Mention personal style and Wes Anderson, who was chortling just a moment ago, looks like he suddenly slurped down a bad oyster. “I don’t want anyone to think I follow trends and fashion because, well, frankly. . . I just don’t,” says the director.

Never mind the fact that Anderson is kitted out in a handmade khaki suit, marlin blue oxford with starched collar and cocoa-brown suede loafers that bear nary a scuff. Or that he popularized the shrunken suit to such a degree that almost every menswear designer -- from Thom Browne to Valentino -- now uses less fabric. Or that his films -- “Rushmore,” “The Royal Tenenbaums,” “The Life Aquatic” -- actually get flak for being so obsessed with style.

Call him a misfit. Call him an outsider. Just don’t call him stylish.

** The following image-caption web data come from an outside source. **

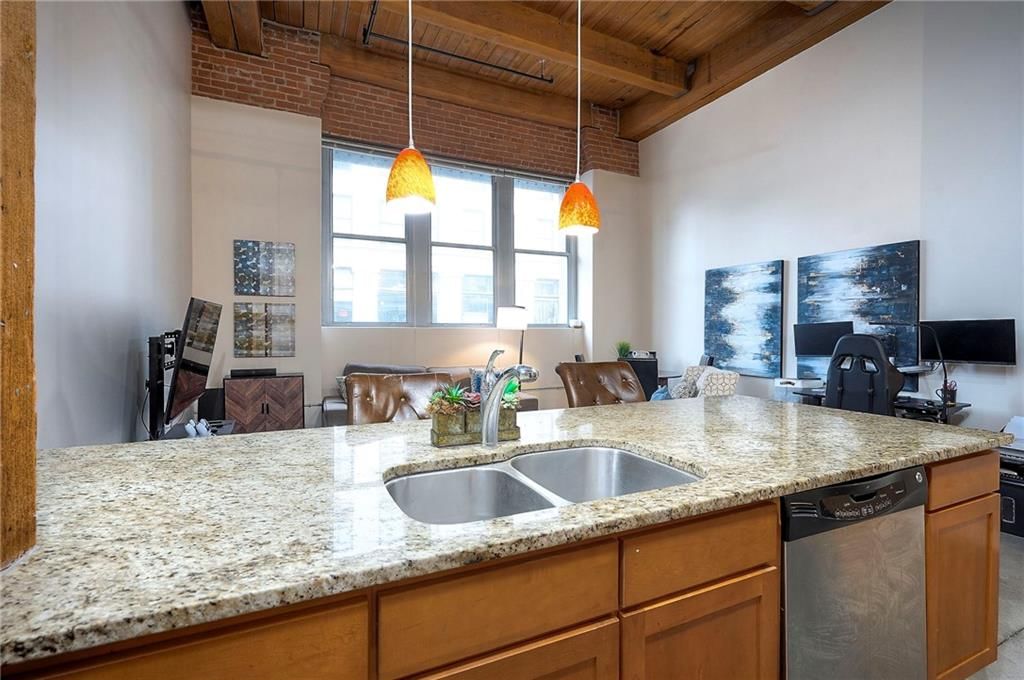 712 Broadway Boulevard — photo 12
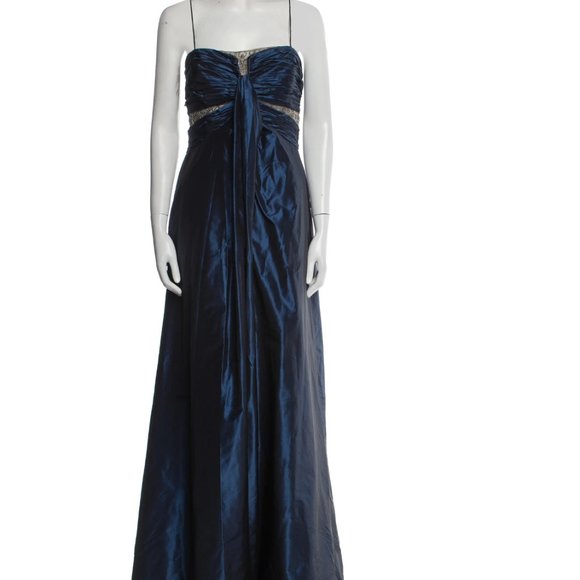 Stunning Badgley Mishka gown. - Picture 7 of 7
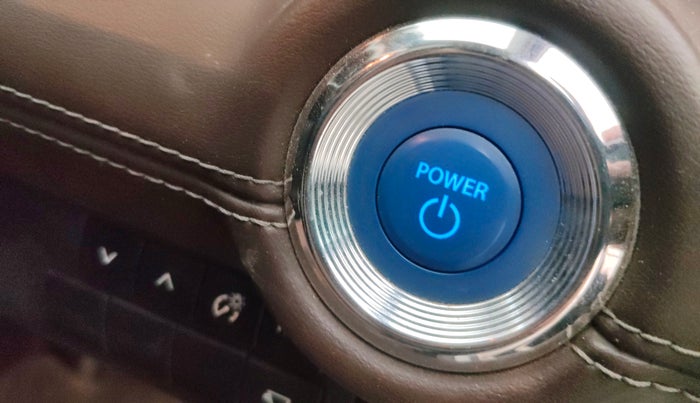 2023 Toyota URBAN CRUISER HYRYDER V HYBRID, Hybrid, Automatic, 77,333 km, Keyless Start/ Stop Button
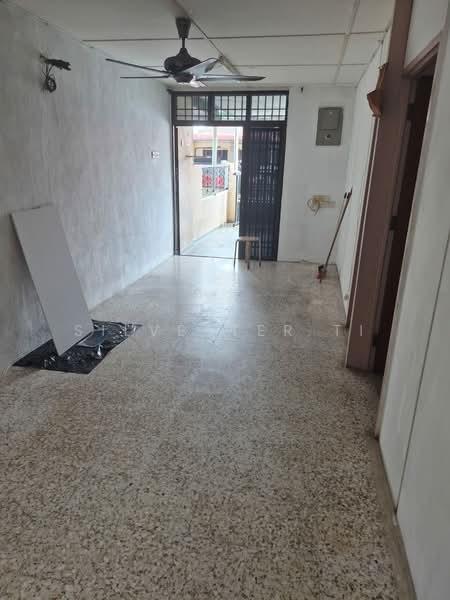 Rumah Teres 1 Tingkat untuk Dijual di Bayan Baru (Penang) - Silvester Ti - Entrance - PropertyGuru.com.my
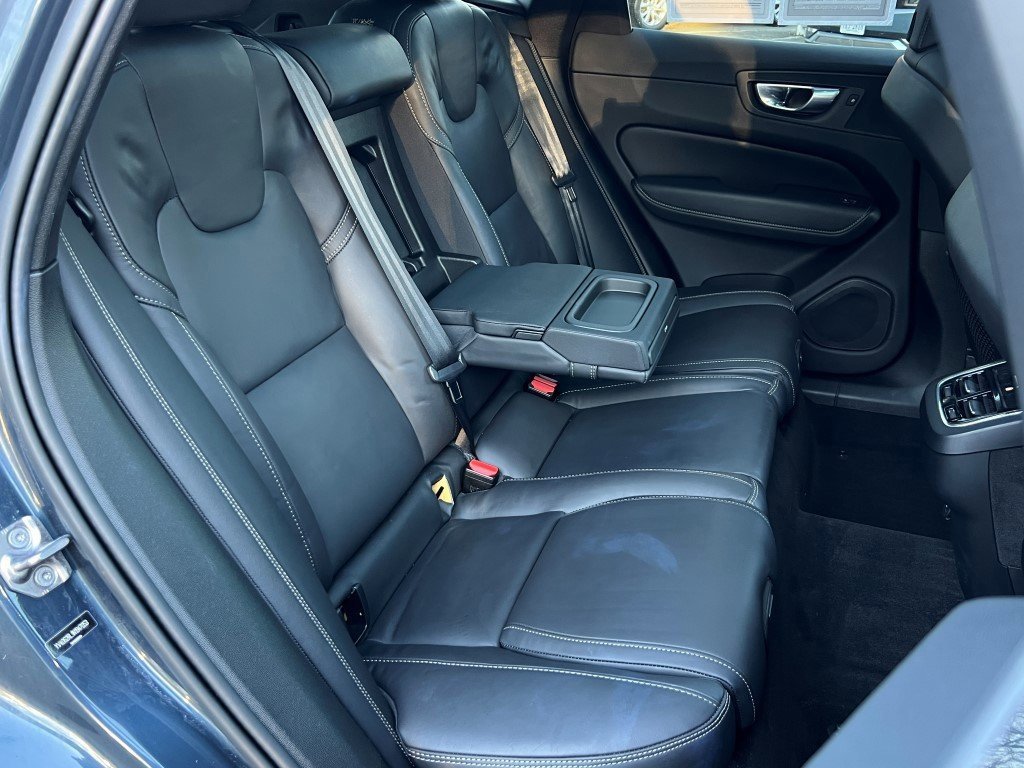 Used 2022 Volvo XC60 B6 Inscription w/ Advanced Package image 20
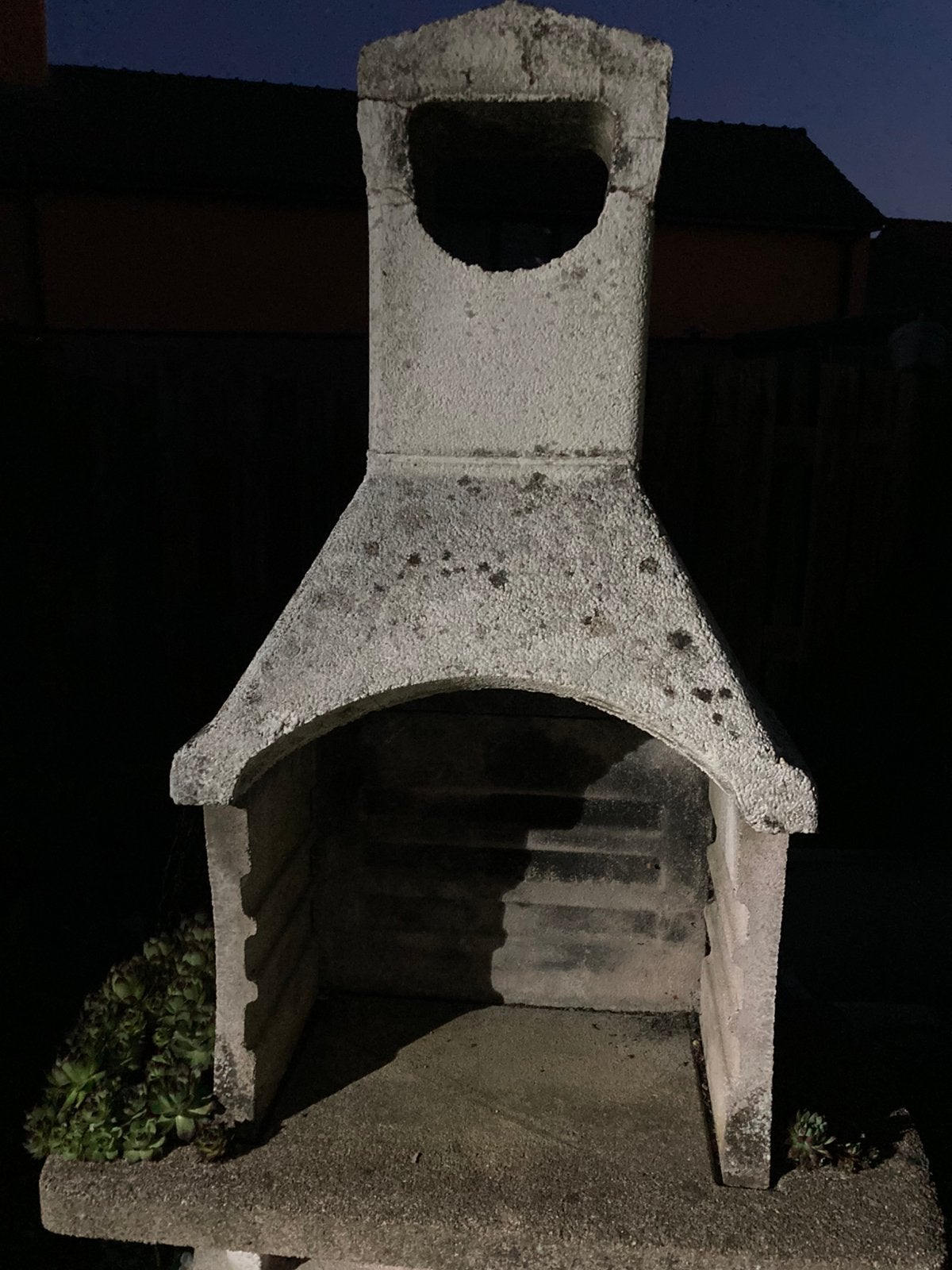 Stenen BBQ ( afhalen in Ninove), Tuin en Terras, Ophalen, Gebruikt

“Wes is very stylish,” says Marc Jacobs by phone from Paris. The designer, as artistic director of Louis Vuitton, teamed with Anderson to come up with a new look -- flannel suits that don’t cinch at the shoulders or reveal naked ankles -- and a set of luggage for his latest film, “The Darjeeling Limited.” The pairing makes perfect sense. Jacobs’ fashion shows have an ethereal, cinematic quality, and he even name-checked Bernardo Bertolucci as inspiration for a recent collection. Anderson’s fastidious attention to quirky style details in his films is legendary.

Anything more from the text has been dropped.